DataTypical

Scientific Data Significance Rankings with Shapley Explanations

DataTypical analyzes datasets through three complementary lenses: archetypal (extreme), prototypical (representative), and stereotypical (target-like), with Shapley value explanations revealing why instances matter and which ones create your dataset's structure.

Key Features

Three Significance Types: Archetypal, prototypical, stereotypical (all computed simultaneously, or selectively)
Shapley Explanations: Feature-level attributions for why samples are significant
Formative Discovery: Distinguish samples that ARE significant from those that CREATE structure
Publication Visualizations: Dual-perspective scatter plots, heatmaps, and profile plots
Multi-Modal Support: Tabular data, text, and graph networks through unified API
Performance Optimized: Fast exploration mode and efficient Shapley computation

Quick Start

Installation

pip install datatypical

Basic Usage

from datatypical import DataTypical
from datatypical_viz import significance_plot, heatmap, profile_plot
import pandas as pd

# Load your data
data = pd.read_csv('your_data.csv')

# Analyze with explanations
dt = DataTypical(shapley_mode=True)
results = dt.fit_transform(data)

# Three significance perspectives (0-1 normalized ranks)
print(results[['archetypal_rank', 'prototypical_rank', 'stereotypical_rank']])
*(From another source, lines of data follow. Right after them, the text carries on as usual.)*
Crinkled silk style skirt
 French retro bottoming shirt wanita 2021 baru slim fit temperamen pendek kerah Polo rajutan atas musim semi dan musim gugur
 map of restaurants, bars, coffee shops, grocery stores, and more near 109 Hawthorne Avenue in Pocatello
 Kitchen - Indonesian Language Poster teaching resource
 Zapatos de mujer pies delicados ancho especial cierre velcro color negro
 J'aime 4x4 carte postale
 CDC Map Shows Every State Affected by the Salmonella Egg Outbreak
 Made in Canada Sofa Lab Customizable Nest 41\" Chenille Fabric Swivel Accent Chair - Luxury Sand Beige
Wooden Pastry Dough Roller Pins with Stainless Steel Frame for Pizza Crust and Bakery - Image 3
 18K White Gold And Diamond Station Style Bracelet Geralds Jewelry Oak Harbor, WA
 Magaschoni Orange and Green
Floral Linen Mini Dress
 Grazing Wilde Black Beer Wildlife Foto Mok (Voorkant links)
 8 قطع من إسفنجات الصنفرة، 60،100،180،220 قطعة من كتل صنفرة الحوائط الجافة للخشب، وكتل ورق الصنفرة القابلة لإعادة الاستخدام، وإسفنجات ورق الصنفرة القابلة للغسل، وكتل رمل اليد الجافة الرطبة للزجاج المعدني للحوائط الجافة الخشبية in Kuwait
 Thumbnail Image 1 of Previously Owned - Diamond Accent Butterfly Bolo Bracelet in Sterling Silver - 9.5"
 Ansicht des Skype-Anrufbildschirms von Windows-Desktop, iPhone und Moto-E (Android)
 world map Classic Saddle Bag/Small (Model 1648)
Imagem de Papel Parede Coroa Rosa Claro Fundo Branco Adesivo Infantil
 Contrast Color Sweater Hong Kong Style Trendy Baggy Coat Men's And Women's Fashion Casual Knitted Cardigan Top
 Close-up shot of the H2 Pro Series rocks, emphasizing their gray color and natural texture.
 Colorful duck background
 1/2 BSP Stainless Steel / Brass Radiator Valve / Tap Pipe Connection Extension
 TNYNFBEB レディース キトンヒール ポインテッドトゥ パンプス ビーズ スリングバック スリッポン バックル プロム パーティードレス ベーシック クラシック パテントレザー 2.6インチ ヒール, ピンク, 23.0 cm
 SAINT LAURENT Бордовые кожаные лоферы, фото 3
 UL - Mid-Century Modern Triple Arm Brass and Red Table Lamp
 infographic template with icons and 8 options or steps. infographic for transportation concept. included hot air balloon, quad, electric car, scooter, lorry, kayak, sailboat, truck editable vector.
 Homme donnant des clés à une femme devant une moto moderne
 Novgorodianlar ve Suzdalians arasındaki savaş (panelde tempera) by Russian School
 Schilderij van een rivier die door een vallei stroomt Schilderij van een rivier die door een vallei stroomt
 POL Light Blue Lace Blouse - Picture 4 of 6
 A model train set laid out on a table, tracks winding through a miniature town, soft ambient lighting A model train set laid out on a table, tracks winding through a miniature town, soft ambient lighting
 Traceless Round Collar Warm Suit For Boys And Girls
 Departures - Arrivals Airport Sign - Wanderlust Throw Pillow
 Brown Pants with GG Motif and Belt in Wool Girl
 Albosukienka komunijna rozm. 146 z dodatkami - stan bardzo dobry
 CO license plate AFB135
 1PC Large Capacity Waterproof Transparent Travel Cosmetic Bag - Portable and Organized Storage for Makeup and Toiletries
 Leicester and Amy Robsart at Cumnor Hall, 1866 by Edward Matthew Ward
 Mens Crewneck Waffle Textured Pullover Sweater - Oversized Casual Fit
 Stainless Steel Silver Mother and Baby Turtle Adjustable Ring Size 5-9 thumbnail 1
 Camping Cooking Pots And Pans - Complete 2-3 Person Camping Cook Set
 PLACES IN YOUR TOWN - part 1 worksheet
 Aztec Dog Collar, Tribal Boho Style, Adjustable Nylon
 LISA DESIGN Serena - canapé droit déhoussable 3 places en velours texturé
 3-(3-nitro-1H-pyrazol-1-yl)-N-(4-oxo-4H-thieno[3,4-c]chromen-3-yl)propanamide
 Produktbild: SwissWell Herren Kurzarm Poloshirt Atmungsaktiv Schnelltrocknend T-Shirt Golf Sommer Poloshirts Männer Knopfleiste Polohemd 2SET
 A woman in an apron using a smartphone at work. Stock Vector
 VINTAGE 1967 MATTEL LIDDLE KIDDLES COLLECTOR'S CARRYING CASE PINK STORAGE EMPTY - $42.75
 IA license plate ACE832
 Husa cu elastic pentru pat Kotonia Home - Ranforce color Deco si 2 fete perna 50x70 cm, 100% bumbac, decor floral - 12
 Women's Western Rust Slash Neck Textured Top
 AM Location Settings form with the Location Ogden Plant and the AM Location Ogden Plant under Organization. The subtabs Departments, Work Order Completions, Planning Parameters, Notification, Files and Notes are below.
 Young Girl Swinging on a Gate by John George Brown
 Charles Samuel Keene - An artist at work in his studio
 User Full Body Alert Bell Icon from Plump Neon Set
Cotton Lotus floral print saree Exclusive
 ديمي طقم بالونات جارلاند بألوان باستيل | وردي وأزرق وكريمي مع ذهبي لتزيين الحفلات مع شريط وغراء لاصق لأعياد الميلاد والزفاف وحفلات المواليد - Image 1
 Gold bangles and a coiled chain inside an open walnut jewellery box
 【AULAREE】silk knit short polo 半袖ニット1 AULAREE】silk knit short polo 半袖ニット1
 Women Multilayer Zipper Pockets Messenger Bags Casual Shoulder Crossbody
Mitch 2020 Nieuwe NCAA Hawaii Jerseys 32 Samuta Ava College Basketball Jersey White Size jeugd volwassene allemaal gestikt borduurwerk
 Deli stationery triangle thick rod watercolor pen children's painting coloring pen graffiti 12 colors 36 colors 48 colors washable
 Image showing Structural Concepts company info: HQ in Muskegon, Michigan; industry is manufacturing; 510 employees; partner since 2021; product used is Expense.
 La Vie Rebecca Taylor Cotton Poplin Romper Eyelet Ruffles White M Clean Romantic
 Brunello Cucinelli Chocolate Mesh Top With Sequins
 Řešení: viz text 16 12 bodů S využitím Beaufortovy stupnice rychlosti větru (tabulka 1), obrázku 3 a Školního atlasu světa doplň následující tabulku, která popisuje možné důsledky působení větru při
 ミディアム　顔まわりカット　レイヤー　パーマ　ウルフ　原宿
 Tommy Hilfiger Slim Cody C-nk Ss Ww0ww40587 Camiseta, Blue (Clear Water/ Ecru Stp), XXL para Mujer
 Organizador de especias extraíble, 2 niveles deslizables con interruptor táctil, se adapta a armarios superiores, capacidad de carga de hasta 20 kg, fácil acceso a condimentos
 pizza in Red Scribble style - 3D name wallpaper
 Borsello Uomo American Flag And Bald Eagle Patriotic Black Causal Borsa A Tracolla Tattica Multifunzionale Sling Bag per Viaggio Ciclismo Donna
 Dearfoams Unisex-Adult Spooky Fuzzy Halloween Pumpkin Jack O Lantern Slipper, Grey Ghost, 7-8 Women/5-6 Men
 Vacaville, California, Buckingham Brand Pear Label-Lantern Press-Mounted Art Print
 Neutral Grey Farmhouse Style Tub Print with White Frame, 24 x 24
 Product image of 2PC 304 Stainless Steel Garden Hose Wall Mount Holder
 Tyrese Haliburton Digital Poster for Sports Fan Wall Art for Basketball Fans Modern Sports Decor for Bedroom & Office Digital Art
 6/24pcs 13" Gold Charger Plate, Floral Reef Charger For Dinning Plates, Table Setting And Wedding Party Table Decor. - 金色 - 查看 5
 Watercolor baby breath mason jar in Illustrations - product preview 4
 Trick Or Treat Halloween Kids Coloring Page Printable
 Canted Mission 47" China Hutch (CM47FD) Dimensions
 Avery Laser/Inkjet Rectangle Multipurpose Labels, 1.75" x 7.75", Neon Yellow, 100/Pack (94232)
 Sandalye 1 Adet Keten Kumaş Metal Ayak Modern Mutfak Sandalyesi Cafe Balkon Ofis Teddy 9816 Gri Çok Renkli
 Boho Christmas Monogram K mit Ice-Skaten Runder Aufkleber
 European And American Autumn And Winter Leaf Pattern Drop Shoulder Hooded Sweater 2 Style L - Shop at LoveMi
# Visualize: which samples are critical vs replaceable?
significance_plot(results, significance='archetypal')

# Understand: which features drive significance?
heatmap(dt, results, significance='archetypal', top_n=20)

# Explain: why is this sample significant?
top_idx = results['archetypal_rank'].idxmax()
profile_plot(dt, top_idx, significance='archetypal')

What DataTypical Does

Three Complementary Lenses

Lens	Finds	Use Cases
Archetypal	Extreme, boundary samples	Edge case discovery, outlier detection, range understanding
Prototypical	Representative, central samples	Dataset summarization, cluster centers, typical examples
Stereotypical	Target-similar samples	Optimization, goal-oriented selection, phenotype matching

The Power: All three computed simultaneously—different perspectives reveal different insights.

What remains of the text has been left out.